• EXERCISE REQUIREMENTS: Give again, word for word, the lines below that run from the line with "Womens Camouflage Print" through the line with "Disney Insulated Cooler". Drop the pictures.

BEGIN DATA RECORDS

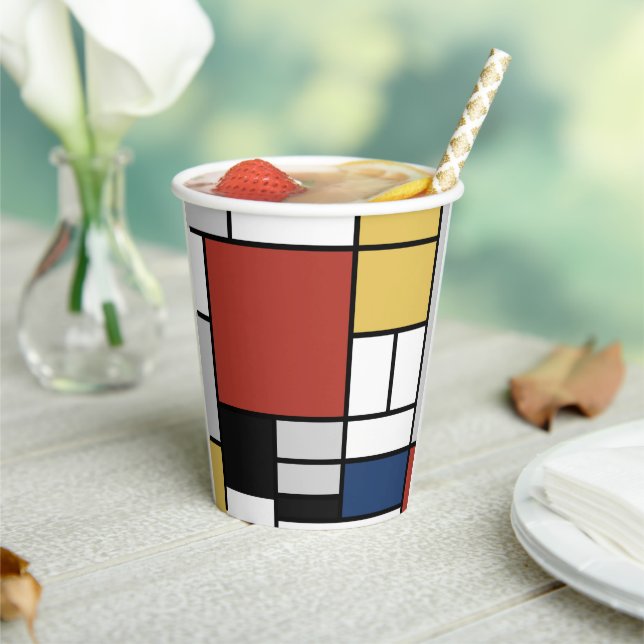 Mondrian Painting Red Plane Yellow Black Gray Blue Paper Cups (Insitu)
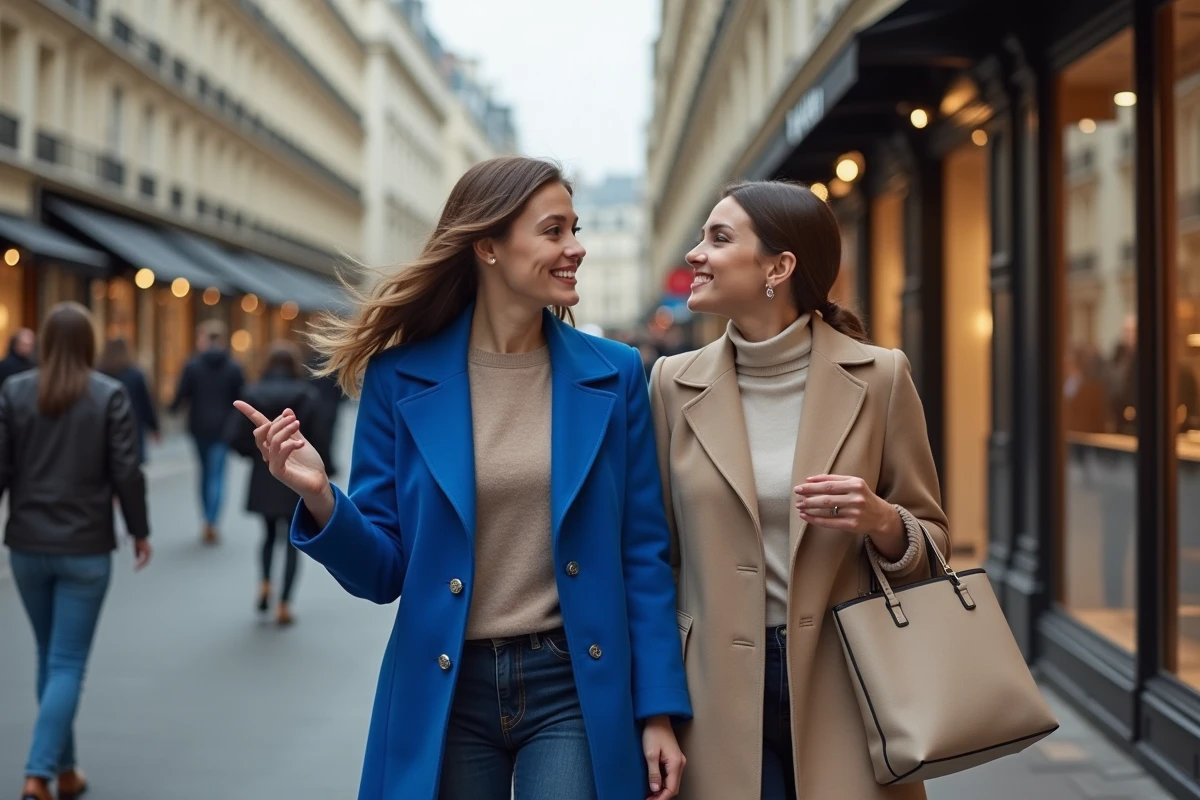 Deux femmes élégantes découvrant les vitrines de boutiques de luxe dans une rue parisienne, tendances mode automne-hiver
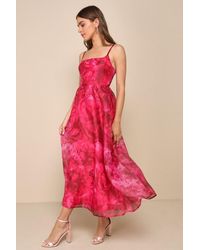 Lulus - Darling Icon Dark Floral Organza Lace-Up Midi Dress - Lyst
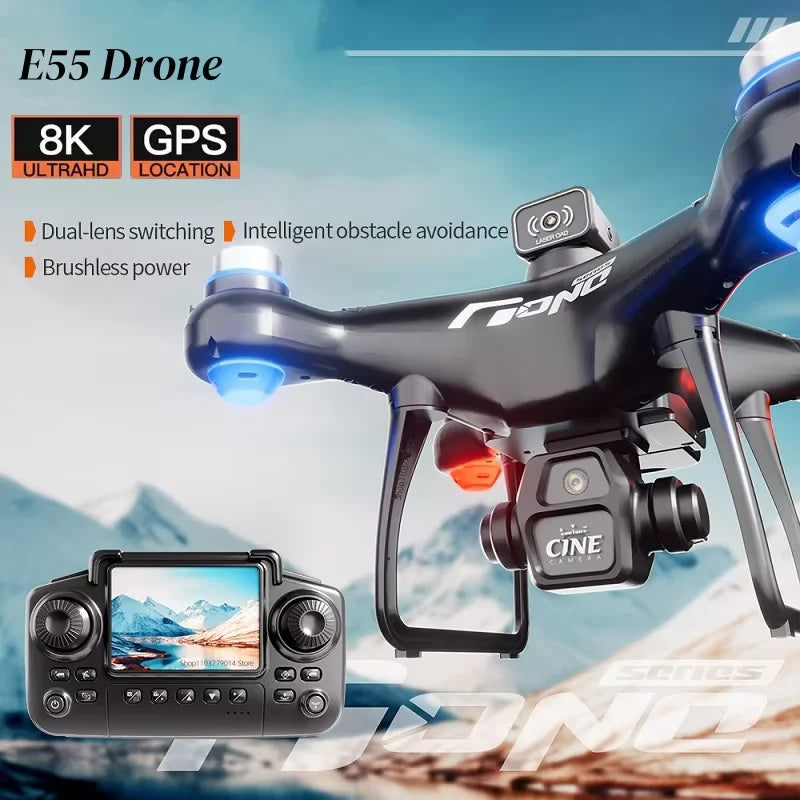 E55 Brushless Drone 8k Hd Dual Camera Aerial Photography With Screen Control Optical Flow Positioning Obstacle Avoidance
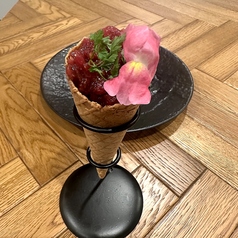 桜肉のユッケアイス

END DATA RECORDS
BEGIN DATA RECORDS

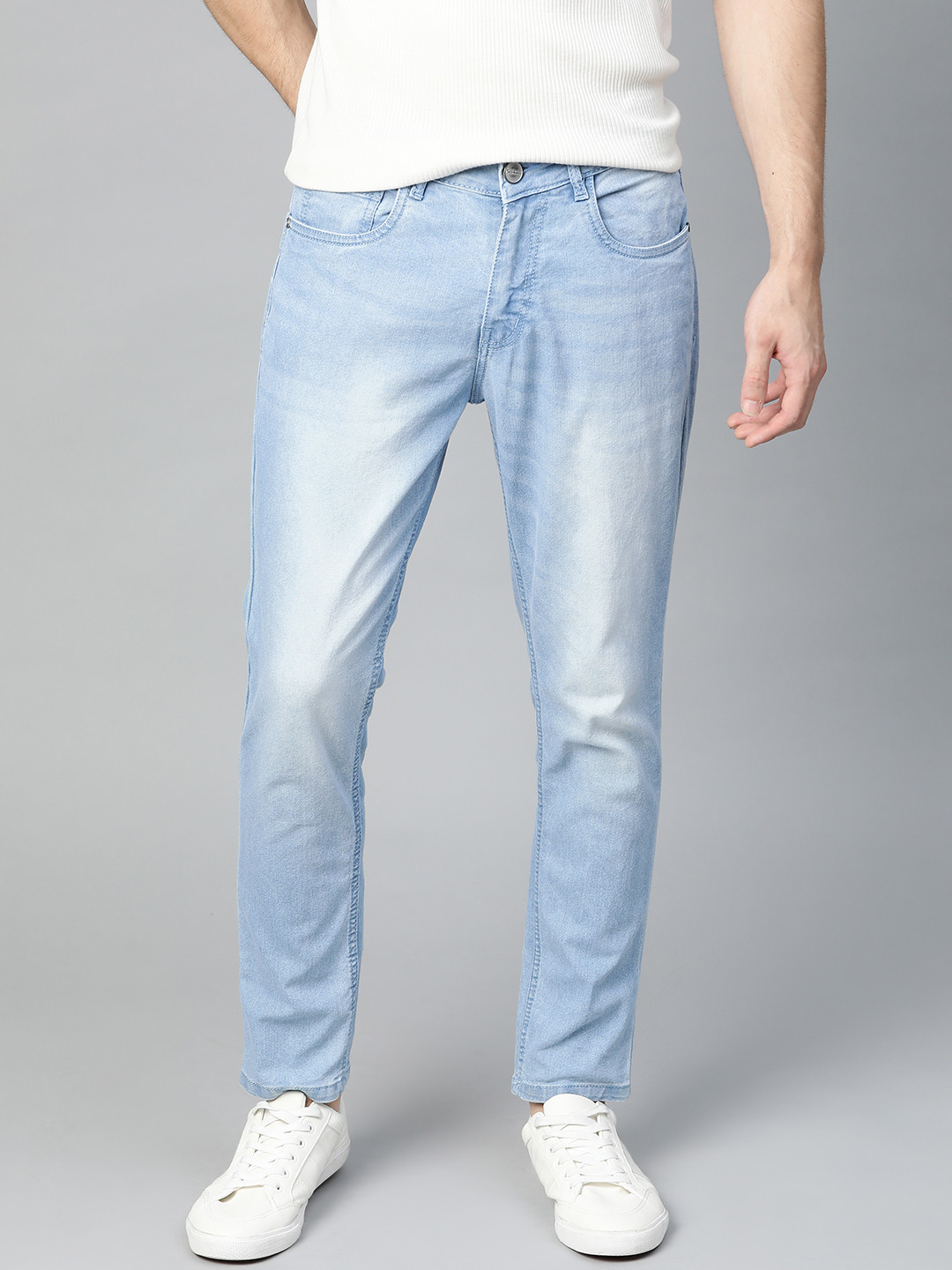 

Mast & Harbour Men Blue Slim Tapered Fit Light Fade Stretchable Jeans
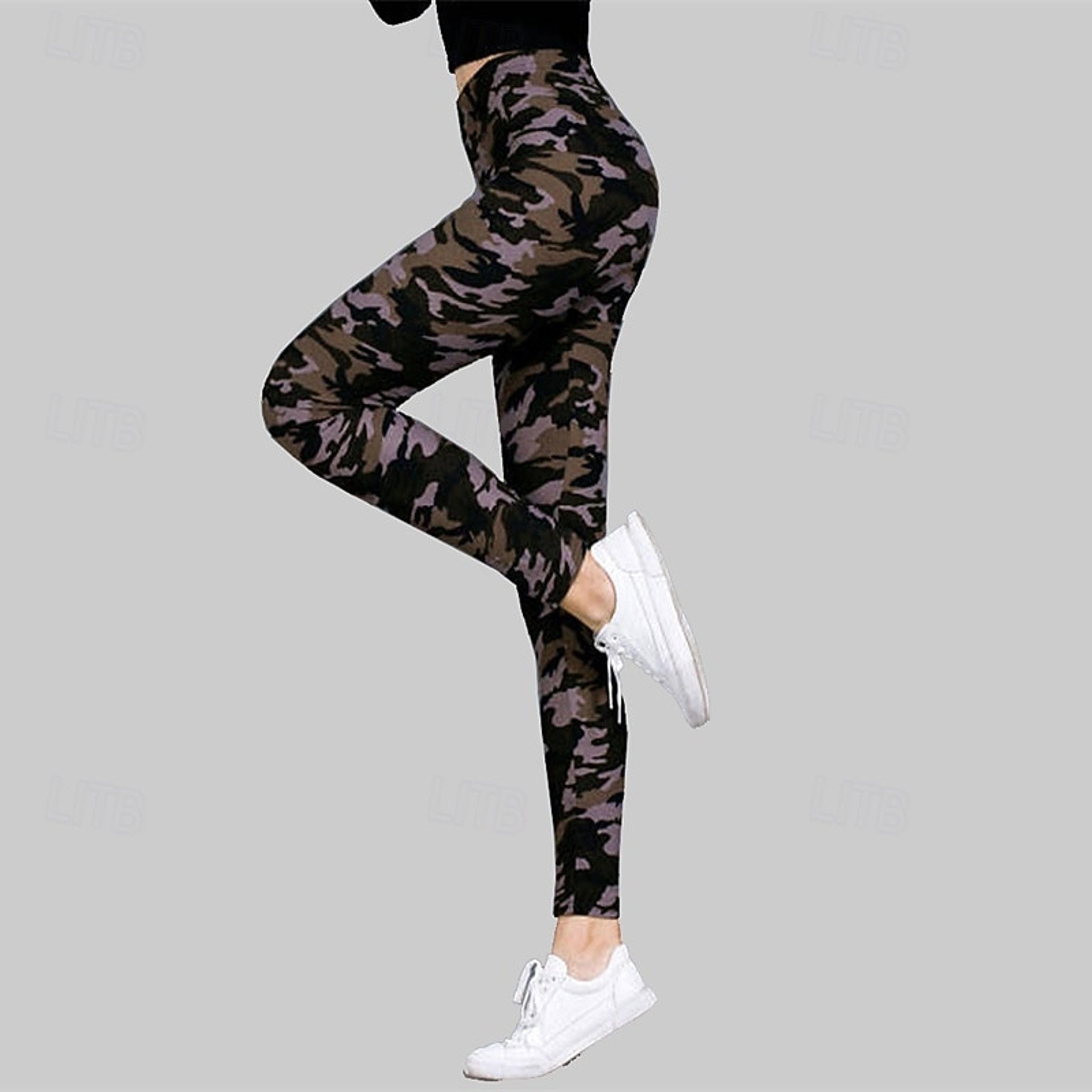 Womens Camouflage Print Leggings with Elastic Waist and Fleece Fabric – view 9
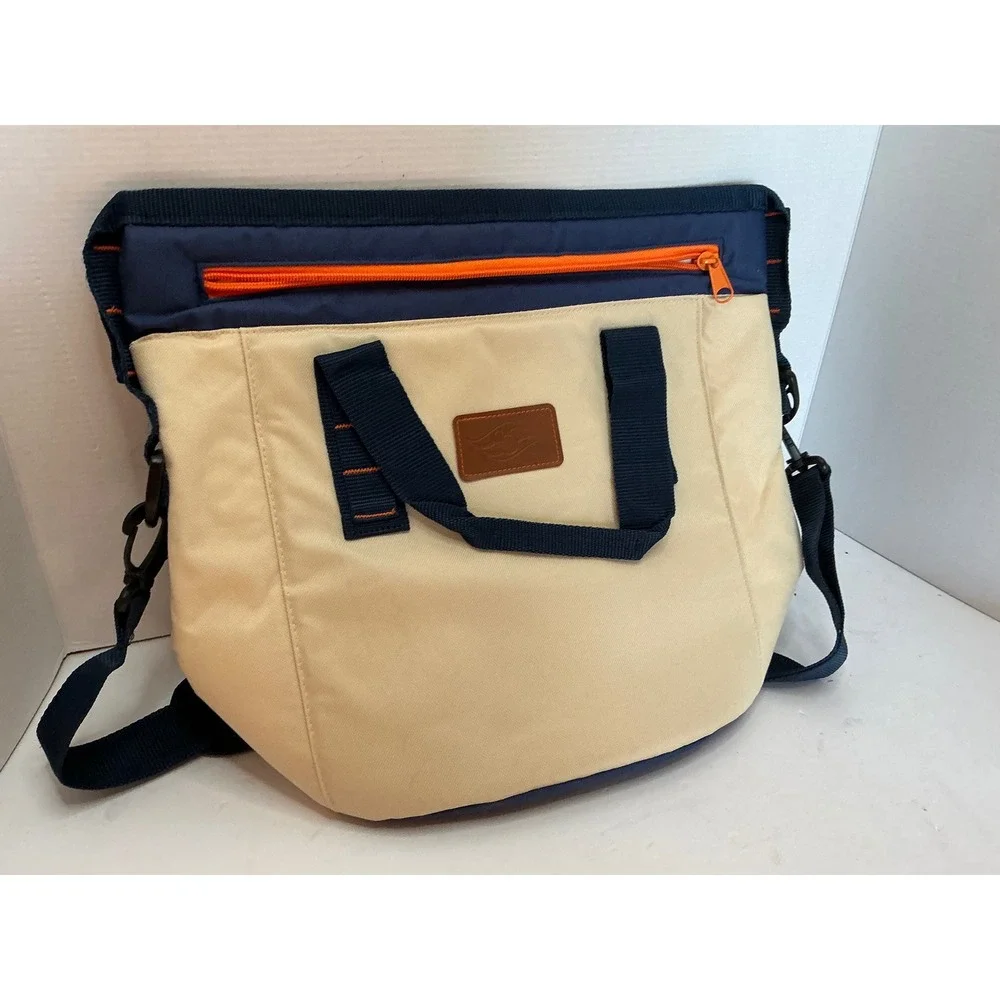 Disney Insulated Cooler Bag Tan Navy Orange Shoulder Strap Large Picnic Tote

END DATA RECORDS

• ANSWER TO THIS PROBLEM:
 Womens Camouflage Print Leggings with Elastic Waist and Fleece Fabric – view 9
 Disney Insulated Cooler Bag Tan Navy Orange Shoulder Strap Large Picnic Tote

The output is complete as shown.